I’ve been feeling a bit melancholy lately. I’m not exactly sure why. Perhaps it’s the daily news I’m reading. Perhaps it’s the lingering winter scoffing at us for wanting spring so badly.

It also could be that I’ve had a few conversations recently with non-profits whose executive director or board is very anti-fundraising.

You know what I mean: “Fundraising is just a necessary evil, and if we can avoid it or not talk about it, we would be happier” type of thinking.

When non-profit leadership has this negative attitude about fundraising, it causes so many development professionals to feel dispassionate about their work. Missions get stifled because leadership refuses to invest in it appropriately, and eventually, no one in fundraising at an organization like this feels they can do their best work.

So, feeling this way, I dug up the book that Richard and I wrote, “It’s NOT Just About the Money,” and started reading the first chapter, which is all about the HEART of fundraising. This is something I do from time to time to get back in touch with why we do this work.

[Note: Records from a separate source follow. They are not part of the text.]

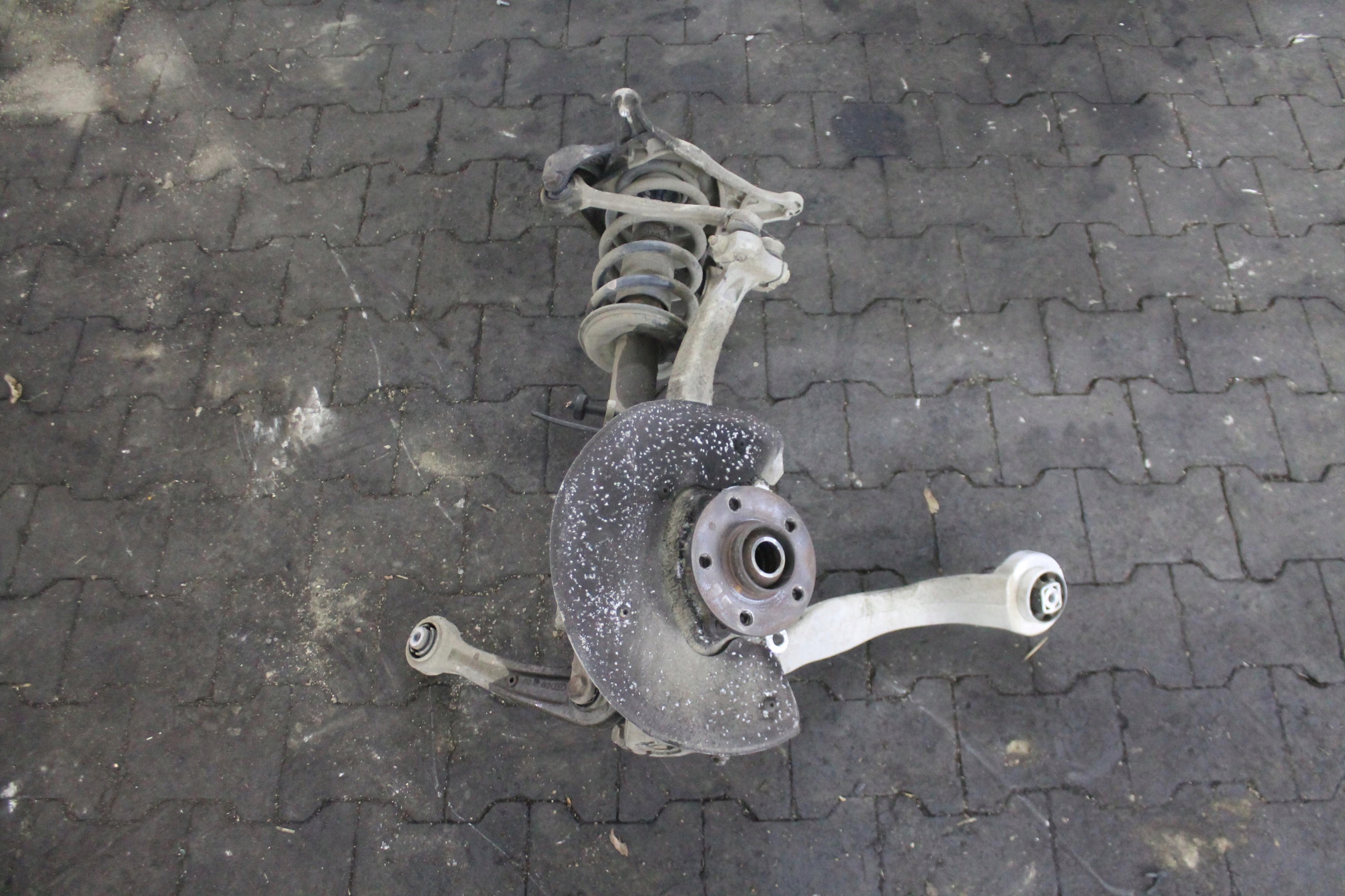 McPherson swing left front AUDI Q5 8R 2.0 TDI 08-12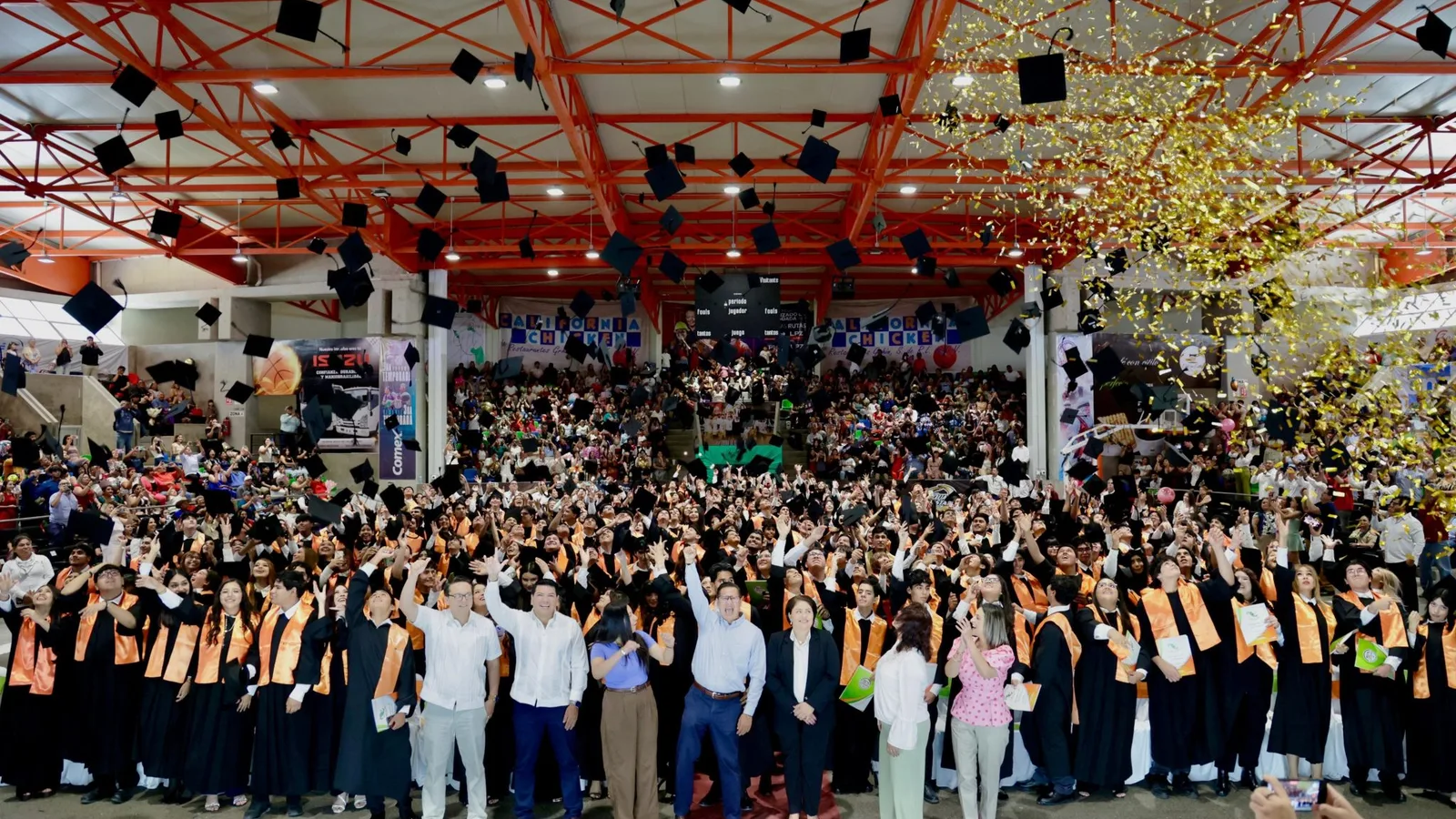 Ceremonia de graduación del CECyTEBCS en Baja California Sur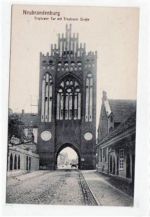 Neubrandenburg mit Treptower Tor und Treptower Straße. Als Feldpost postalisch gelaufen mit Poststempel 1917 kleiner Stockfleck Rückseite, sonst gut erhalten.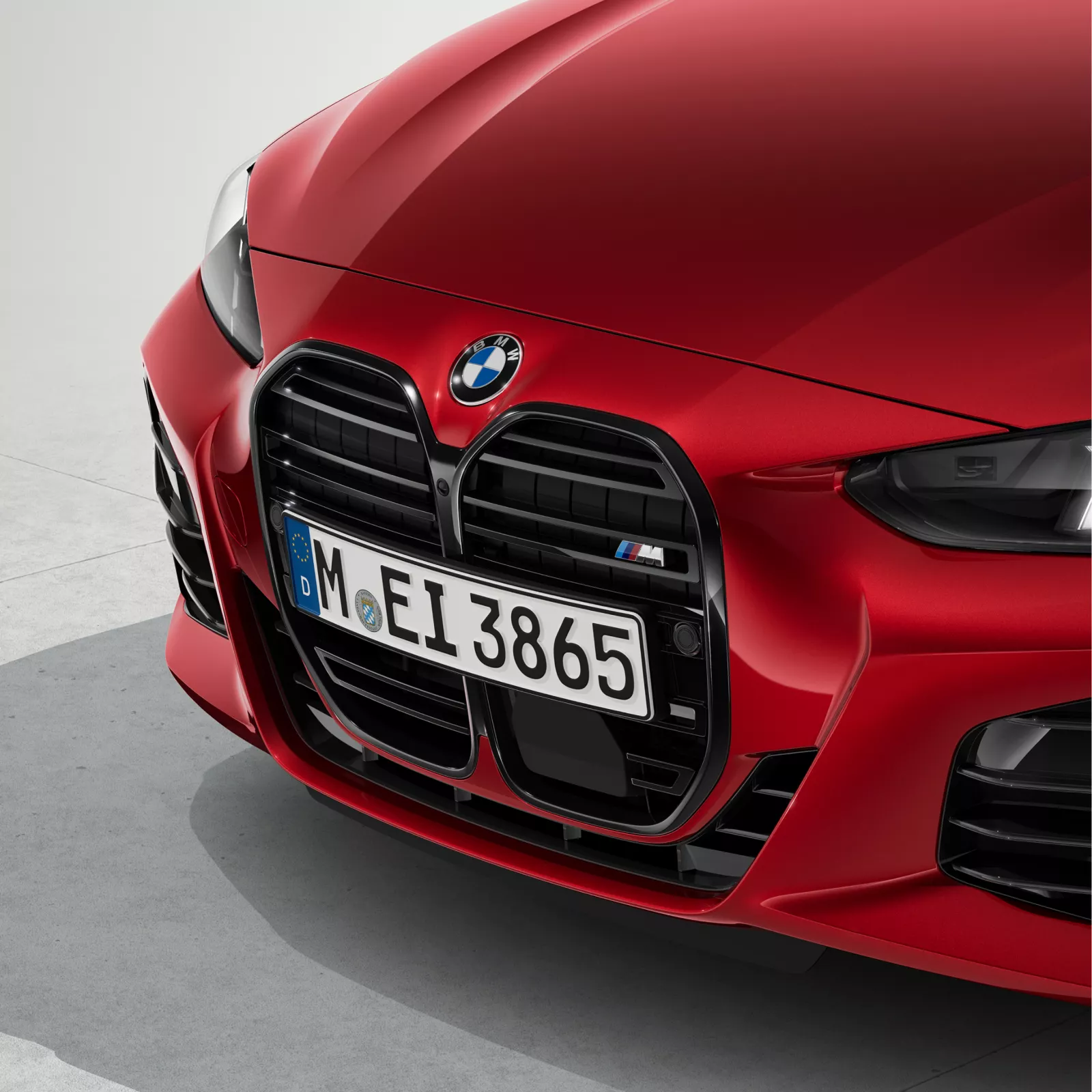 BMW 4시리즈 쿠페 후면부 테일램프와 머플러 팁 디테일 사진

And it started to make me feel more positive. Here are a couple of snippets from that first chapter that helped me, and perhaps will inspire you or your boss to see why fundraising is not simply a necessary evil:

“Your donors, like everyone else on Earth, need to give. If we humans don’t give something, somewhere, to someone, we die spiritually. That is the grace of giving. Giving is about contact with something outside of ourselves.”

“As a fundraiser, you can help loosen money’s hold on people by encouraging them to give it away. When people give away their money, they begin to short-circuit the potentially negative influence money can have in their lives.”

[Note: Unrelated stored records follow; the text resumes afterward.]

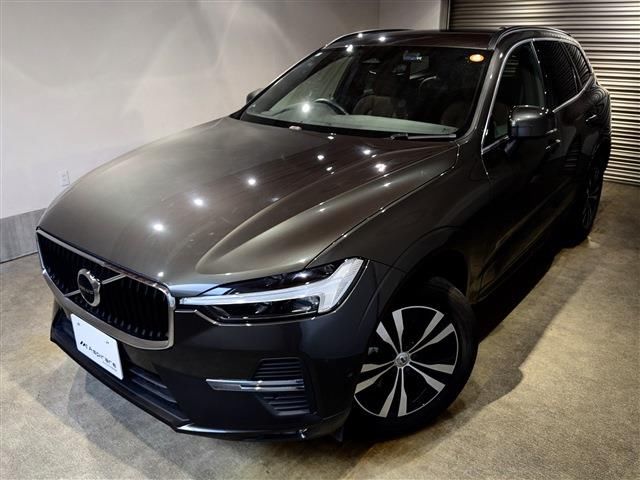 2021 Volvo XC60 B5 AWD Momentum Sedan for sale, Japanese used car export - photo 1 of 13 | GULJI TRADERS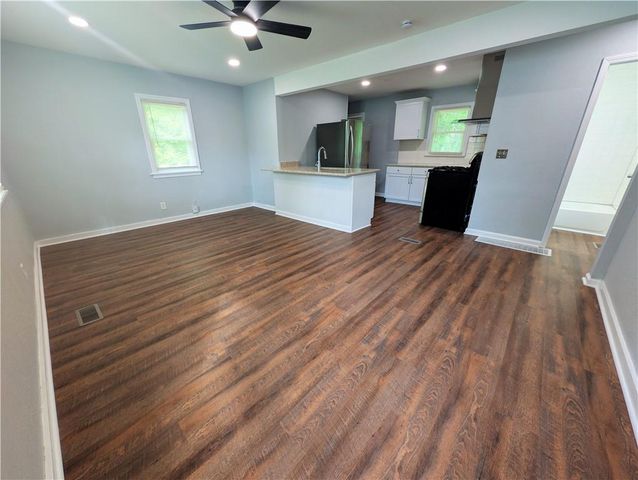 1324 N 52nd Court, Kansas City, KS 66102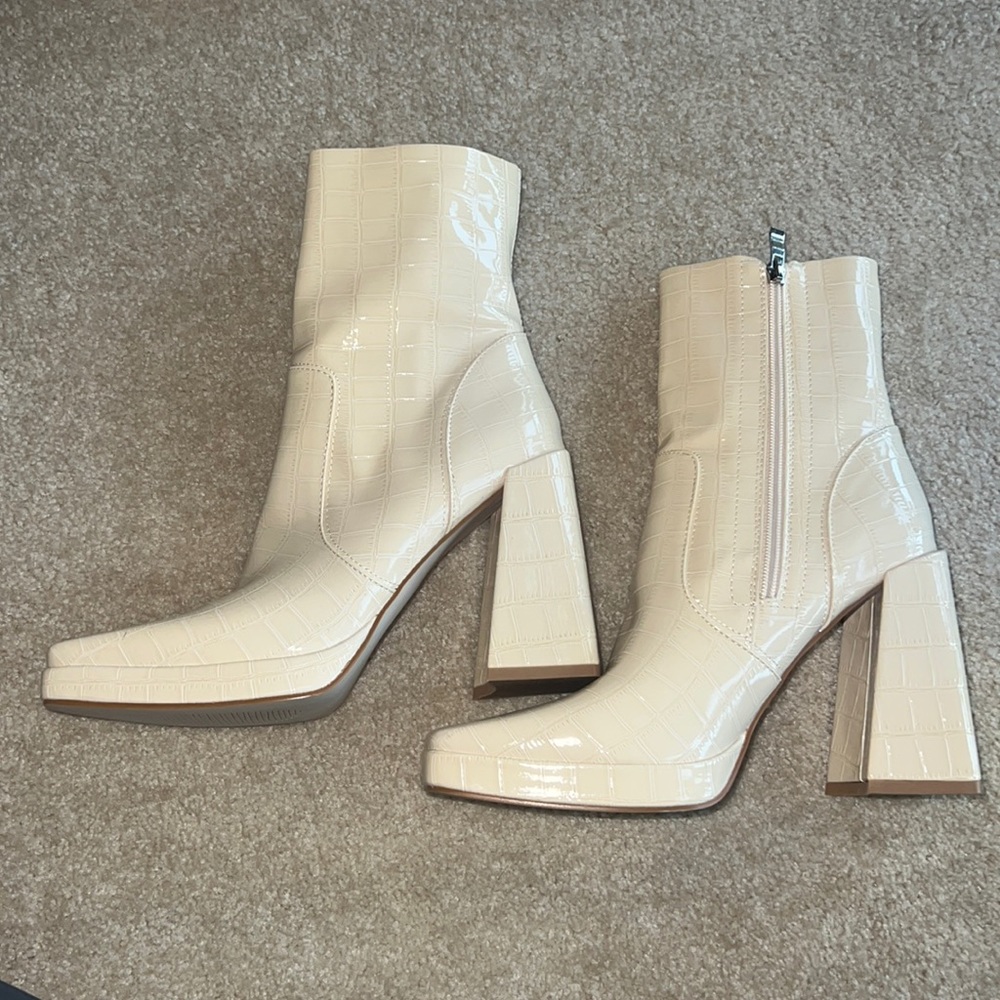 Princess Polly Creme Faux Alligator Leather Ankle Boot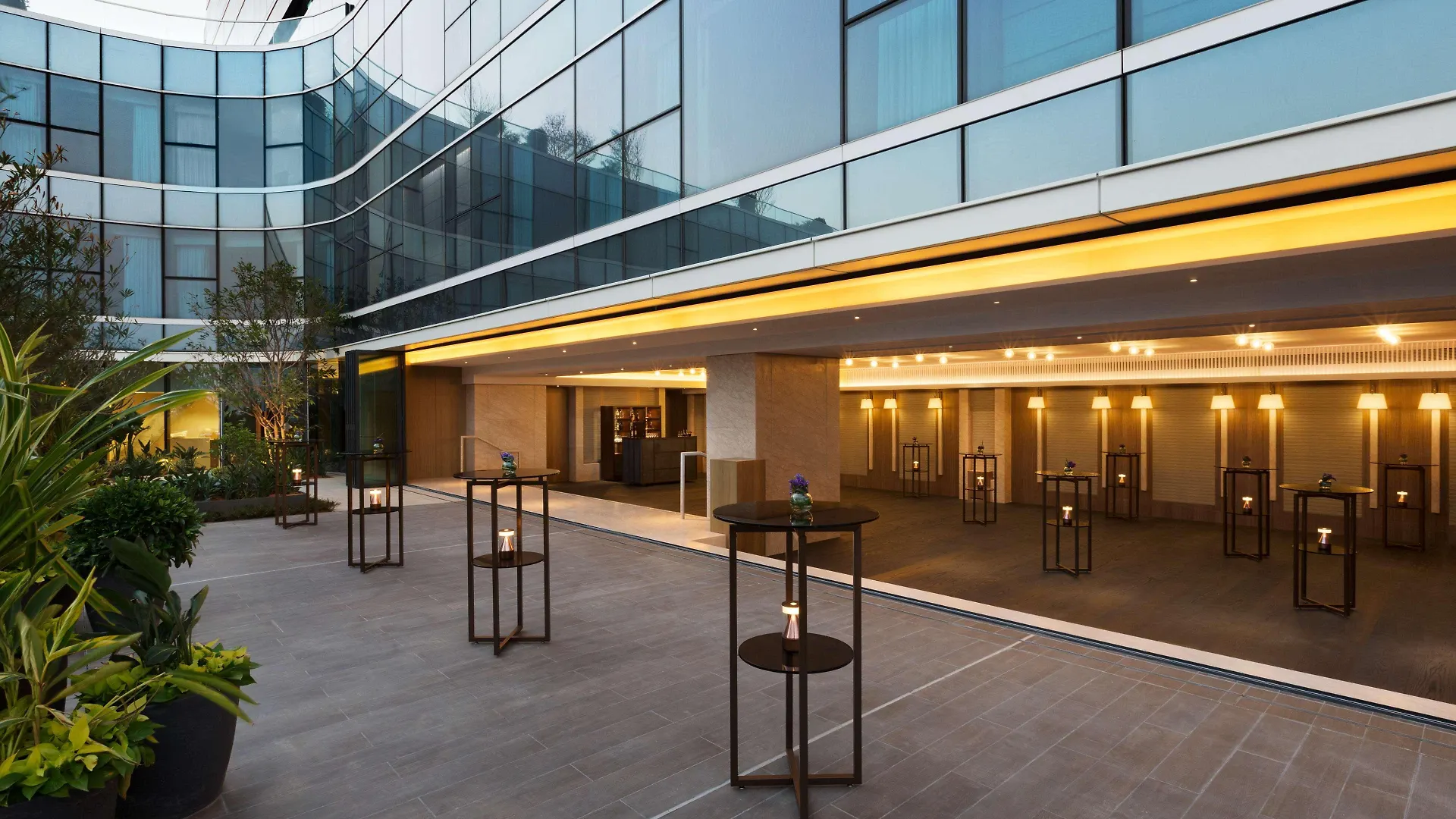 Kerry Hotel Hong Kong By Shangri-La 5*,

“Giving allows donors to know they’re doing something significant. Filtering the money they earned doing their own work, into your organizations work makes their jobs and their lives—more meaningful.”

“Unfortunately, many non-profit directors – and even some fundraisers – still feel reluctant to ask for money… these feelings are somewhat understandable. In our culture, it’s not easy to ask for money. It feels embarrassing. It doesn’t seem right. But people need to give. And the more they give, the better. Why? Because giving will transform their lives – and it would transform the lives of others.”

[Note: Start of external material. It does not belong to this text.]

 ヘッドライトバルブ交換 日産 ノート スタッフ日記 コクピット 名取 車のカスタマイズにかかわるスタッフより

As Richard and I have said often, and have personally witnessed, the act of someone giving away their resources they have earned through their own labor to help make a positive difference in the world is a mystical experience.

This is the mindset that non-profit leaders need to embrace and understand as they think about being good stewards of their organizations’ own resources. Not fully investing in your fundraising program does your donors and prospective donors an awful disservice. They want to give. They want to connect to your mission… allow them the opportunity to do that.